The effort has already drawn the attention of the Washington-based American Chemistry Council (ACC), which expressed its opposition to the idea earlier this month.
Ocean Conservancy says it is backing the move at the same time “the plastics industry mounts an aggressive lobbying campaign to promote these technologies as solutions to the ocean plastics crisis despite serious environmental and community consequences.”
On April 29, the NGO says Reps. Jared Huffman (D-CA) and Alan Lowenthal (D-CA) were joined by 23 other members of Congress in sending a letter to the House Appropriations Subcommittee on the Interior, Environment, and Related Agencies requesting the United States Environmental Protection Agency (EPA) regulate plastic scrap gasification and pyrolysis plants, citing a provision of the Clean Air Act.
“The truth is that right now pyrolysis, gasification and other chemical recycling technologies are just a fancy way to say, ‘burning plastics for energy,’ and this simply isn’t compatible with a healthy, plastic-free ocean,” says Dr. Anja Brandon, U.S. Plastics Policy Analyst at Ocean Conservancy.
Brandon adds, “Burning plastics emits greenhouse gases and countless toxic chemicals and incentivizes industry to continue unfettered plastics production instead of investing in a working recycling system. To keep plastics out of our ocean, we need to make less plastic, and better recycle what we already have; expanding chemical recycling will kill any chance we have of accomplishing either.”
The letter, sent to Subcommittee Chair Chellie Pingree (D-ME) and Ranking Member David Joyce (R-OH), stated in part that “these chemical recycling technologies contribute to climate change, cause harmful health impacts in the surrounding communities, and do not represent a solution to the plastic pollution crisis. Chemical recycling does not represent a viable path forward to achieving a circular economy.”
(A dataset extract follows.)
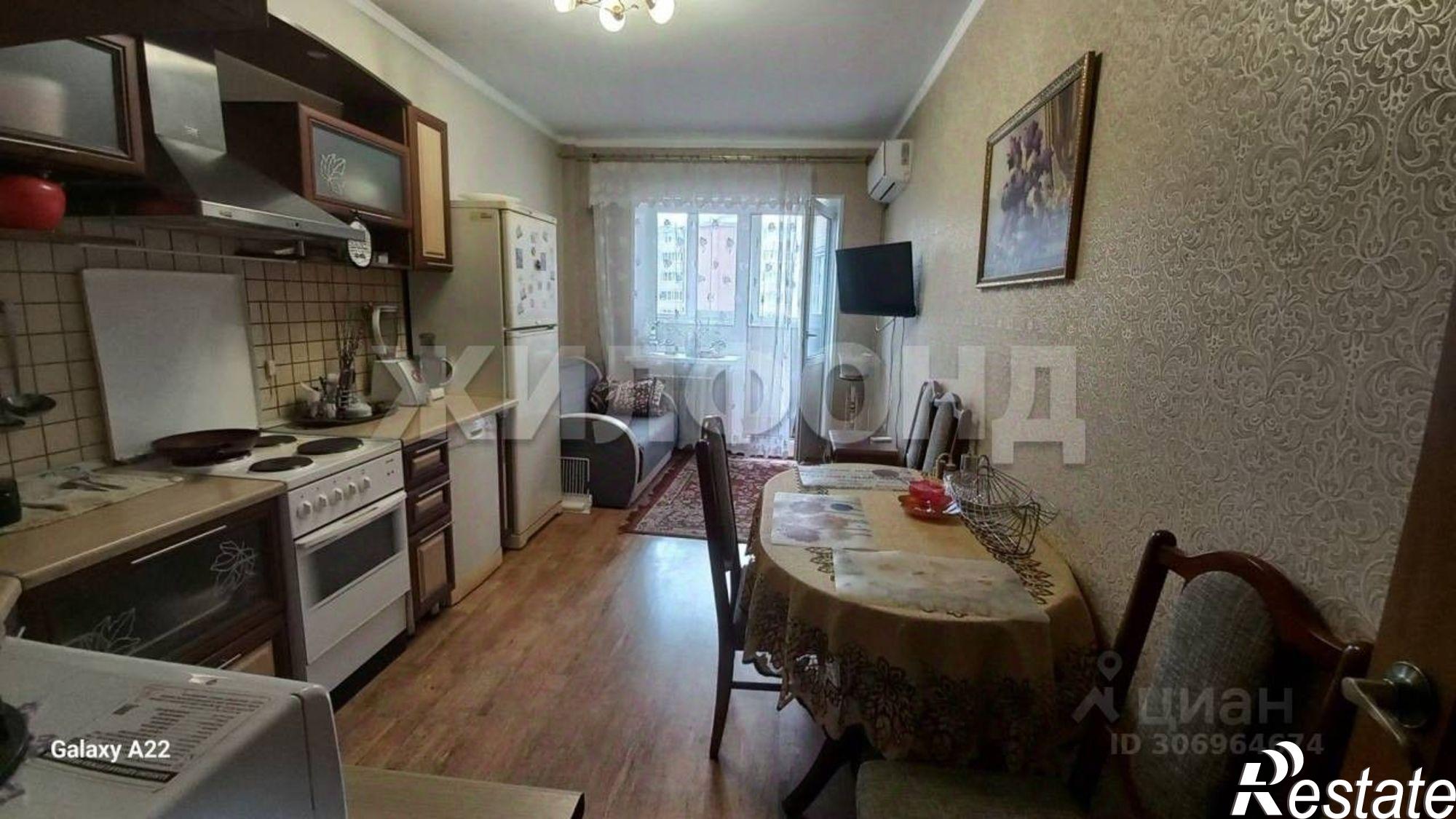 Купить квартиру за 5 500 000 рублей на проспект Дружбы Народов, 43А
Kathy Tsantiris, associate director of government relations at Ocean Conservancy, says, “This language still has a long way to go, but the letter sends a clear signal that regulating chemical recycling is a growing environmental priority.”
In its reply to the request, the ACC portrays chemical recycling (which it also calls “advanced recycling”) in a completely different light. The trade group says there currently are “seven commercial-scale advanced recycling facilities” and others “leveraging existing chemical manufacturing infrastructure to make virgin-quality plastic from used plastics in the U.S.”
ACC calls it “just the beginning of a massive wave of new projects” that can “reduce greenhouse gas emissions 43 percent relative to waste-to-energy incineration of plastic films made from virgin-resources.”